Understanding Work-Conserving vs. Non-Work-Conserving I/O Schedulers
I/O schedulers in Linux sit between application requests and physical disk hardware, deciding the order in which I/O operations execute. The fundamental difference between work-conserving and non-work-conserving schedulers comes down to how they handle idle periods.
Work-Conserving Schedulers
A work-conserving scheduler must dispatch a pending I/O request whenever one exists, regardless of physical disk positioning. If requests are queued, something gets sent to the disk immediately — there’s no idle waiting.
Examples of work-conserving schedulers:
- Deadline — prioritizes requests by deadline, processes pending work aggressively
- NOOP — simple FIFO queue with minimal overhead
The advantage is straightforward: the disk is never idle if work exists. This maximizes raw throughput and prevents unnecessary latency buildup.
Non-Work-Conserving Schedulers
Non-work-conserving schedulers deliberately introduce idle periods, betting that incoming requests will be more favorably positioned than currently pending ones. Instead of dispatching what exists now, they wait slightly for potentially better requests.
Examples include:
- Anticipatory Scheduler (AS) — waits briefly after read completion, hoping the same process will issue a nearby follow-up request
- CFQ (Completely Fair Queuing) — attempts to maintain per-process I/O locality and fairness, which sometimes means delaying dispatches
The rationale is workload-dependent. For workloads with strong spatial locality — where sequential or nearby requests arrive predictably — waiting for them can reduce disk head movement and improve overall throughput.
Real-World Performance Impact
The tradeoff becomes obvious under different conditions:
Single-process intensive I/O workload:
In controlled tests, Deadline can nearly double throughput compared to CFQ on a single heavy process. This happens because:
- CFQ waits for requests closer to the current disk head position
- With only one process, those “better” requests may never arrive
- Deadline dispatches pending work immediately, keeping the disk saturated
- The waiting in CFQ becomes pure overhead
Multi-process or highly concurrent workload:
Non-work-conserving schedulers shine here. They maintain per-process fairness and exploit locality from multiple sources. CFQ ensures one process doesn’t starve others while still grouping related requests together.
Highly fragmented filesystem data:
When files are scattered across the disk (common on ext4 with many small files or long-running systems), anticipatory scheduling provides diminishing returns. AS assumes nearby blocks will be requested soon — but if they’re actually distant, waiting wastes time.
Practical Considerations
Several factors determine which scheduler works best for your specific case:
1. Block layout and filesystem fragmentation
Files stored non-consecutively on disk reduce anticipatory scheduler effectiveness. A 100K+ file directory with 1–5MB files written via Windows/Samba through ext4 will likely have scattered blocks. RAID controllers can mitigate this by handling parallel I/O across multiple spindles.

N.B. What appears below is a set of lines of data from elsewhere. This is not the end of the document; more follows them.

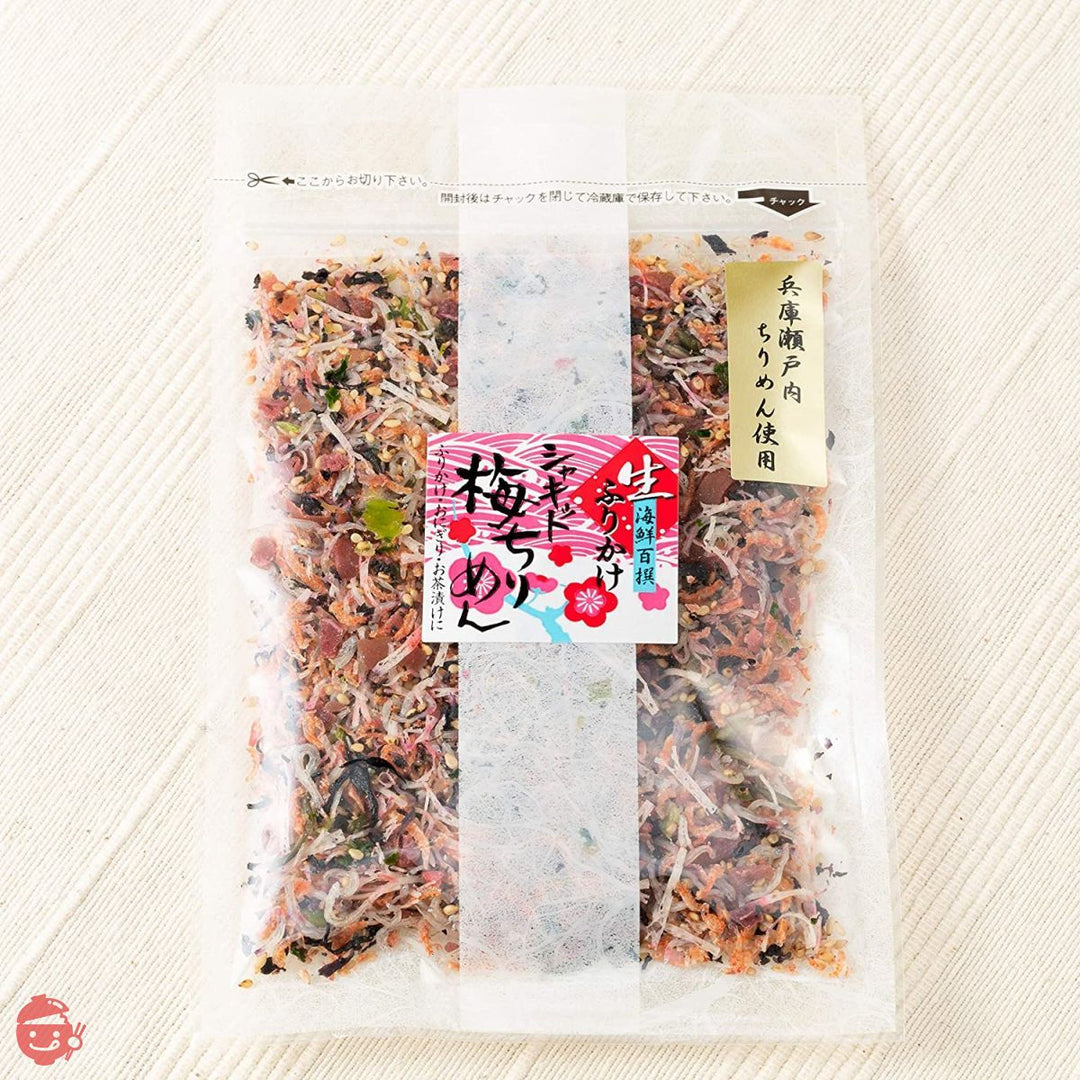 ふりかけ 梅 つめあわせ 人気 澤田食品 直送 シャキット 梅ちりめん 2袋 セット 生ふりかけ 金賞受賞 人気 おすすめ オススメ 梅 ちりめん 小魚 おにぎり ごはん ご飯 のお供 お弁当 子供 子ども ごはんのおとも 澤田食品公式の画像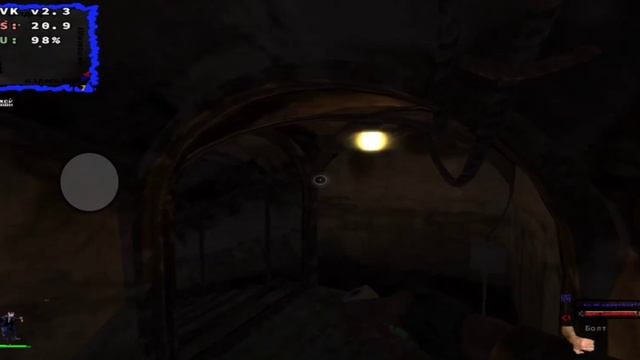 Stalker Тень Вонючки ExaGear. Snapdragon 680, 4 GB RAM, DRI3, DXVK 2.3. Динамические освещение
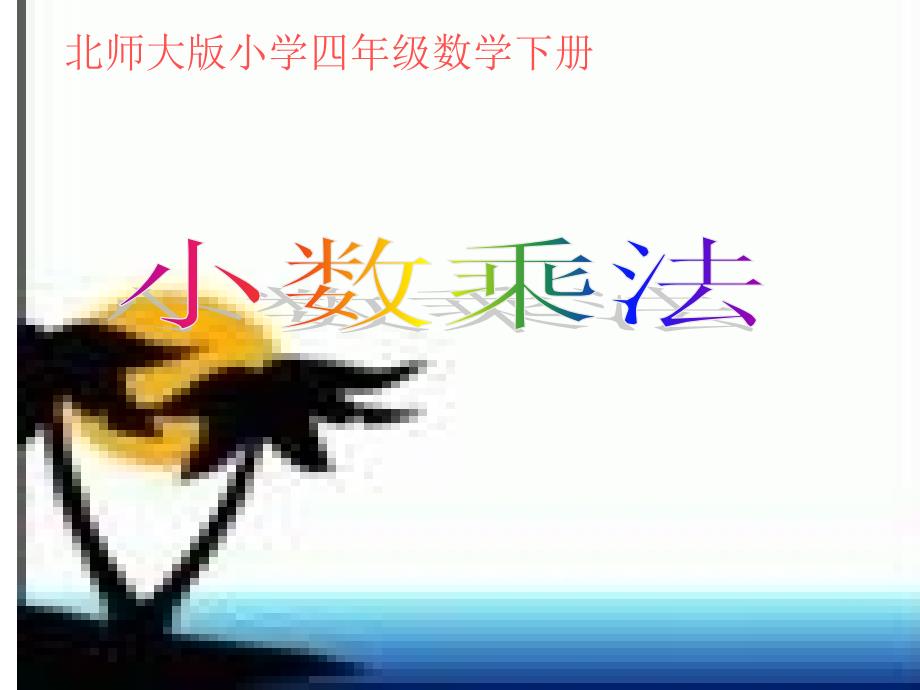 （北师大版）四年级数学课件小数乘法1_第1页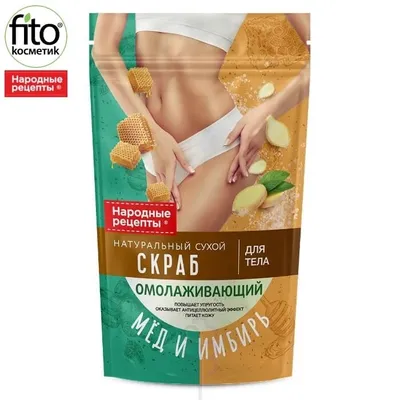 Fitokosmetik Narodowe Recepty, Naturalny suchy peeling do ciała odmładzający `Miód & imbir`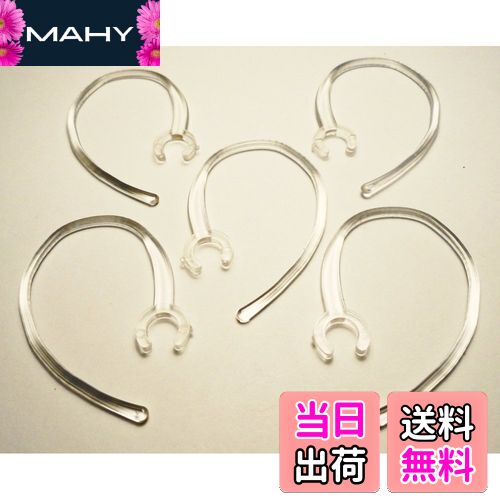 【送料無料】Sound Wave【限定】5個入 ユニバーサルデザイン 小型 ブルートゥースのイヤーフック 6mm ..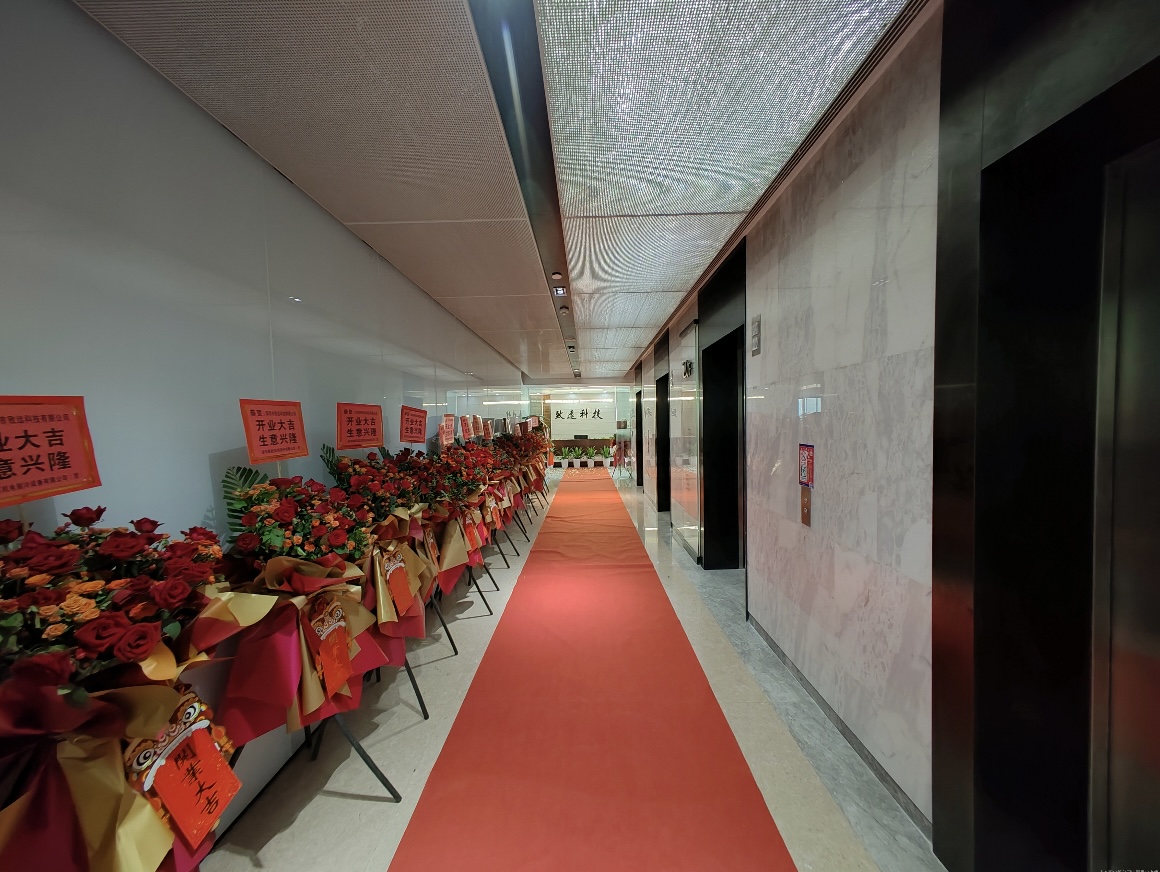 疾驰宝马娱乐(中国游)有限公司官网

2. Application-level blocking behavior
Programs typically block on I/O completion. If a process reads a file and immediately waits for its read to complete before issuing the next request, the scheduler can’t anticipate future requests. Non-work-conserving schedulers fail here because they’re waiting for requests that won’t arrive for another application-level cycle.
3. Thread behavior
Linux treats user-space threads as separate kernel tasks. A multi-threaded process reading files in parallel presents requests from different kernel tasks (same TGID, different PIDs). Schedulers treat these as separate streams, reducing their ability to recognize locality patterns.
4. Virtual environments
In KVM or Xen, you add another layer of scheduling. The hypervisor schedules vCPUs, the guest kernel schedules I/O, and the storage backend may reorder further. Non-work-conserving heuristics often fail entirely because the scheduler can’t see actual physical block positions.
5. Storage hardware
Modern RAID controllers with battery-backed cache, deep command queues, and parallel channel handling reduce I/O scheduler importance. The controller’s firmware often reorders requests more effectively than the kernel scheduler. NVMe devices with native command queuing also diminish scheduler impact.
Choosing a Scheduler
Check your current scheduler:
cat /sys/block/sda/queue/scheduler
List available options:
cat /sys/block/sda/queue/scheduler
Change at runtime:
echo deadline > /sys/block/sda/queue/scheduler
Use Deadline if:
- Single-process or single-application workloads dominate
- You need predictable latency
- Filesystem fragmentation is high
Use CFQ (mq-deadline in newer kernels) if:
- Multi-tenant systems with competing I/O loads
- Fairness matters more than peak throughput
- Working with SSD or high-performance storage
Use NOOP/none if:
- Running on modern NVMe or high-end storage arrays
- The storage controller handles scheduling better than the kernel
Modern Linux kernels increasingly favor mq-deadline (the multi-queue variant) as it handles both traditional HDD and NVMe workloads reasonably well without the overhead of CFQ’s fairness mechanisms. For most production systems, the kernel’s default choice is adequate, and profiling your specific workload beats theoretical optimization.